Create ist eine Methode der Klasse Service von der dein Client erbt.

Diese dient dazu Services entsprechend einer WSDL-Location und eines Servicenamens zu erzeugen.
Diese Funktionalität wird aber bereits durch deine Klasse "Gaming" bereitgestellt, welche dir eine Instanz eines Services mit den in der WSDL hinterlegten Daten erzeugt.
(wenn du dir die Klasse ansiehst, wirst du im Konstruktor von Gaming einen Aufruf a la:"super(wsdlLocation,serviceName)" sehen)




Um jetzt eine Funktion deines Webservices aufrufen, muss dein Programm aber nicht nur wissen WO (=wsdlLocation) der Service liegt und WIE(=serviceName) er heisst.
Er muss zusätzlich wissen, welches Protokoll er für den Aufruf verwenden soll. Gegeben durch das Binding, welches über die in der WSDL hinterlegten Ports zur definiert sind.

Auf diesem Port (Ort,Name,Protokoll sind jetzt bekannt) kannst du dann die Methode deines Webserivces aufrufen. 

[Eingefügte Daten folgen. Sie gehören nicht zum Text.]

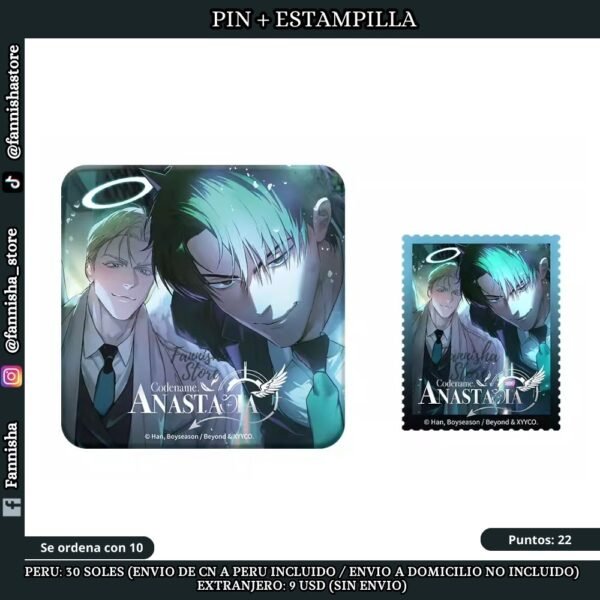 10 Codename Anastasia -  Devil and Angel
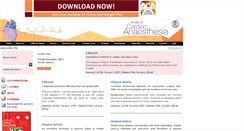 Desktop Screenshot of annals.in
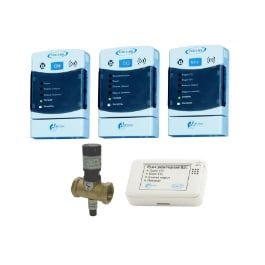 Система САКЗ-МК-2 DN 25 НД с клапаном Бытовая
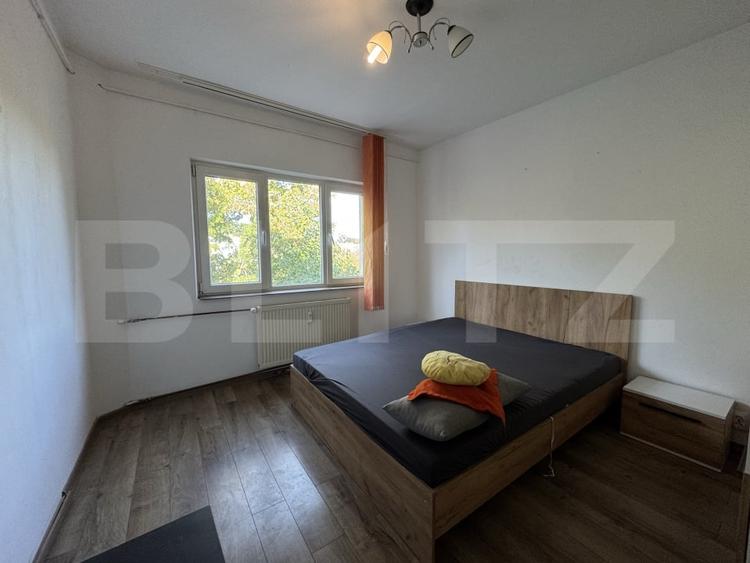 Apartament cu 2 camere semidecomandat, mobilat în Nord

Ist zwar sachlich jetzt nicht 100% richtig. Aber ich hoffe es wird zumindest klar, was dir gerade noch fehlt.

Beispiel:

Gaming gamingServiceProxy = new Gaming();   // <--Service-Proxy...wo liegt der Service und wie heisst er
GamingService gamingServicePort = gamingServiceProxy.getGamingSOAP();  // <--SOAP-Port...benutzer das SOAPProtokoll für die Anfrage
DoSomethingResponseObject response = gamingServicePort.doSomething(); // <--Methode deines Webservices...Eine Anfrage für die Webservice-Methode DoSomething wird jetzt also mit dem SOAPBinding an die "Standard-URL" des Webservices gesendet


Wenn ich nachher noch Zeit habe, schreib ichs vielleicht nochmal ausführlicher.


----------